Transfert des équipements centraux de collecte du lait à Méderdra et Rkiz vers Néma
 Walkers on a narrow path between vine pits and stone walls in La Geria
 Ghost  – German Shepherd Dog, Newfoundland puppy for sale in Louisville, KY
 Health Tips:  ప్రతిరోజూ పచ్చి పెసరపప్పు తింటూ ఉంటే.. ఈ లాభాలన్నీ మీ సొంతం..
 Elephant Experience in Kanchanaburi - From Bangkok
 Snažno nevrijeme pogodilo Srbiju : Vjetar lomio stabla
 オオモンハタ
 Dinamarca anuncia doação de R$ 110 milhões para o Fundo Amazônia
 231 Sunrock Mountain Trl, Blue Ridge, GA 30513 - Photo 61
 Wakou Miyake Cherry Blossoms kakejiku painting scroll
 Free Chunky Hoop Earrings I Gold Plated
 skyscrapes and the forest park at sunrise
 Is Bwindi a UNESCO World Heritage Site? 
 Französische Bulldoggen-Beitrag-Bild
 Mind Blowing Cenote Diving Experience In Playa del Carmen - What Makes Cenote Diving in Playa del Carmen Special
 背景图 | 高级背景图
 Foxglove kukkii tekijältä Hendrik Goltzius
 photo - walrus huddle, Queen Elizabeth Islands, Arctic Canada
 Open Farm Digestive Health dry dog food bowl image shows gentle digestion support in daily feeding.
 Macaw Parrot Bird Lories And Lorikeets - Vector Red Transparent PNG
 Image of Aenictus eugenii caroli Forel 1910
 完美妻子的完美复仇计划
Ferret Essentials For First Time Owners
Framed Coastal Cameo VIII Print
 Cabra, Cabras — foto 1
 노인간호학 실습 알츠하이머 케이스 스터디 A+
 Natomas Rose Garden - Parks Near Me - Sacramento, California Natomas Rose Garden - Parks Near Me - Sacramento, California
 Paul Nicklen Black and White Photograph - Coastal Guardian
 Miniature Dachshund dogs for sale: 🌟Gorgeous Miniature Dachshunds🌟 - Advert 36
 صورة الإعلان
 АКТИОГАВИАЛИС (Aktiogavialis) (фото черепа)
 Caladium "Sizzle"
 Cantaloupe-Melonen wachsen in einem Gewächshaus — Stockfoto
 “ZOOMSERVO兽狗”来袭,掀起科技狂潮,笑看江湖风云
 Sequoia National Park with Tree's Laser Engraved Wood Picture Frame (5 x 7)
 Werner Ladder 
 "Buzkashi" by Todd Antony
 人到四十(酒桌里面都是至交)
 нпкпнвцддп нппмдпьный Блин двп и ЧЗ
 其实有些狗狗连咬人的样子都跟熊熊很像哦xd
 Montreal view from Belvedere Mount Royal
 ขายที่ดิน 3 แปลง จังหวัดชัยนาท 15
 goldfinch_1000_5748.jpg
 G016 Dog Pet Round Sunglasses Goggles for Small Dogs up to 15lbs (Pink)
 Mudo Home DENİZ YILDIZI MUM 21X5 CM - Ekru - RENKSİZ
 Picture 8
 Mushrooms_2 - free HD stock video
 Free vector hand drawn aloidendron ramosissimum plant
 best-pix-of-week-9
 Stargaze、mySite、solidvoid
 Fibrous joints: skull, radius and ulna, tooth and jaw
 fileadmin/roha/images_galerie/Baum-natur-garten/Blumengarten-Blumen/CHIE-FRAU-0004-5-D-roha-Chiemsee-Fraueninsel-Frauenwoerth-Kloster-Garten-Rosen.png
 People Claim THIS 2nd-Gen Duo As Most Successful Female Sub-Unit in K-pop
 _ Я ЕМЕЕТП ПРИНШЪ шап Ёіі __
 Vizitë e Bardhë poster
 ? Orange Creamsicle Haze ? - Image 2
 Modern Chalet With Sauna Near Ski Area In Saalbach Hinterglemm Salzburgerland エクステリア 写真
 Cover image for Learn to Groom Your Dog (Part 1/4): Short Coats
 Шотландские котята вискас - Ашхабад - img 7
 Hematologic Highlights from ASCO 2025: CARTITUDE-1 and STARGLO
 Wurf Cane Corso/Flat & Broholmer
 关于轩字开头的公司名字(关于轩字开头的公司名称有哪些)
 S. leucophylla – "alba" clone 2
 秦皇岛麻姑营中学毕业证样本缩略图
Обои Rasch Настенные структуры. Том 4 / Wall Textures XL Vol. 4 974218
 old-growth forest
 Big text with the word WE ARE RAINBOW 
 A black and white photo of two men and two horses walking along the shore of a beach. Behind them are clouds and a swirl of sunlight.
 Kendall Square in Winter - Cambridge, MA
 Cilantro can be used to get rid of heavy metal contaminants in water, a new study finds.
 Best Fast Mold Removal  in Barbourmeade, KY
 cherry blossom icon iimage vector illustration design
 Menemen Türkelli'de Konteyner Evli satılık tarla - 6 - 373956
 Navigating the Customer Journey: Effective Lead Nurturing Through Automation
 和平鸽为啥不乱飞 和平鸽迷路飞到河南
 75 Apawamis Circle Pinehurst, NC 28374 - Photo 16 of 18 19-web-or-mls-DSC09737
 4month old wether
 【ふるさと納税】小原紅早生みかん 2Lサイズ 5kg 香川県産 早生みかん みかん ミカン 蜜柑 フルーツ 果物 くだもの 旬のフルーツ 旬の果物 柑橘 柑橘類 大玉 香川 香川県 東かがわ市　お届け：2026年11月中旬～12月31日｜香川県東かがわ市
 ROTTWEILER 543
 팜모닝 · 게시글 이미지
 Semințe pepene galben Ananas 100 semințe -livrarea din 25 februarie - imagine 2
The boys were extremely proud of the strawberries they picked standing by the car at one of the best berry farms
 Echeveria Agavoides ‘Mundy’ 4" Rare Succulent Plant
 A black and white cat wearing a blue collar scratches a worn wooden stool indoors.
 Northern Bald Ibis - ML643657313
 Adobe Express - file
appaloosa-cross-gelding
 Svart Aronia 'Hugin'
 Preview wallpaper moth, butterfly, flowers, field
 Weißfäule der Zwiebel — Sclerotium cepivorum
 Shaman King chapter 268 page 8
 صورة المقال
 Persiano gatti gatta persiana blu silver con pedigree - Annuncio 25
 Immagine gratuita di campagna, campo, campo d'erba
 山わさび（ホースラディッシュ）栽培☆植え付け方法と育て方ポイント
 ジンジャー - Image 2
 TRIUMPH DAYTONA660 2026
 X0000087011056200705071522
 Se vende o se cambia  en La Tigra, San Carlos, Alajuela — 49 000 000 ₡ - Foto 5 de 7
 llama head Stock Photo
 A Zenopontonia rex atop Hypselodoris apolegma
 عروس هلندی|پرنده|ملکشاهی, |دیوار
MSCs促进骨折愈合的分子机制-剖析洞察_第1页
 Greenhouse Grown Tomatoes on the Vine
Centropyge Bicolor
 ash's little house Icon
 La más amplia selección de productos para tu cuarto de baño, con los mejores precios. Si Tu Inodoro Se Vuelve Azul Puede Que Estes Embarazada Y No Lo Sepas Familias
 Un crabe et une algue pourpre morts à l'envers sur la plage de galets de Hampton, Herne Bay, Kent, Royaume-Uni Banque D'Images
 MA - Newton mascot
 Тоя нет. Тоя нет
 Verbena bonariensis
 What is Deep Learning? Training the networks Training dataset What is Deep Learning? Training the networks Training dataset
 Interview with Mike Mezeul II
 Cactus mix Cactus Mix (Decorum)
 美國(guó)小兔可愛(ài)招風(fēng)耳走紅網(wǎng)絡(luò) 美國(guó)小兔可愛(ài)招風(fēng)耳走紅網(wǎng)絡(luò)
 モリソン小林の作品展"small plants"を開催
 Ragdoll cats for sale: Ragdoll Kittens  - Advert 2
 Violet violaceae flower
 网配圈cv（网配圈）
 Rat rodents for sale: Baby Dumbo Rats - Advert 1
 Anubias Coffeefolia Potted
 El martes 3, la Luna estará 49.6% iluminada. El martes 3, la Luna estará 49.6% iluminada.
- - - -
Set down, exactly and only, the lines running from the one holding "A black and white cat" through the end of the records above, both ends included.

 A black and white cat wearing a blue collar scratches a worn wooden stool indoors.
 Northern Bald Ibis - ML643657313
 Adobe Express - file
appaloosa-cross-gelding
 Svart Aronia 'Hugin'
 Preview wallpaper moth, butterfly, flowers, field
 Weißfäule der Zwiebel — Sclerotium cepivorum
 Shaman King chapter 268 page 8
 صورة المقال
 Persiano gatti gatta persiana blu silver con pedigree - Annuncio 25
 Immagine gratuita di campagna, campo, campo d'erba
 山わさび（ホースラディッシュ）栽培☆植え付け方法と育て方ポイント
 ジンジャー - Image 2
 TRIUMPH DAYTONA660 2026
 X0000087011056200705071522
 Se vende o se cambia  en La Tigra, San Carlos, Alajuela — 49 000 000 ₡ - Foto 5 de 7
 llama head Stock Photo
 A Zenopontonia rex atop Hypselodoris apolegma
 عروس هلندی|پرنده|ملکشاهی, |دیوار
MSCs促进骨折愈合的分子机制-剖析洞察_第1页
 Greenhouse Grown Tomatoes on the Vine
Centropyge Bicolor
 ash's little house Icon
 La más amplia selección de productos para tu cuarto de baño, con los mejores precios. Si Tu Inodoro Se Vuelve Azul Puede Que Estes Embarazada Y No Lo Sepas Familias
 Un crabe et une algue pourpre morts à l'envers sur la plage de galets de Hampton, Herne Bay, Kent, Royaume-Uni Banque D'Images
 MA - Newton mascot
 Тоя нет. Тоя нет
 Verbena bonariensis
 What is Deep Learning? Training the networks Training dataset What is Deep Learning? Training the networks Training dataset
 Interview with Mike Mezeul II
 Cactus mix Cactus Mix (Decorum)
 美國(guó)小兔可愛(ài)招風(fēng)耳走紅網(wǎng)絡(luò) 美國(guó)小兔可愛(ài)招風(fēng)耳走紅網(wǎng)絡(luò)
 モリソン小林の作品展"small plants"を開催
 Ragdoll cats for sale: Ragdoll Kittens  - Advert 2
 Violet violaceae flower
 网配圈cv（网配圈）
 Rat rodents for sale: Baby Dumbo Rats - Advert 1
 Anubias Coffeefolia Potted
 El martes 3, la Luna estará 49.6% iluminada. El martes 3, la Luna estará 49.6% iluminada.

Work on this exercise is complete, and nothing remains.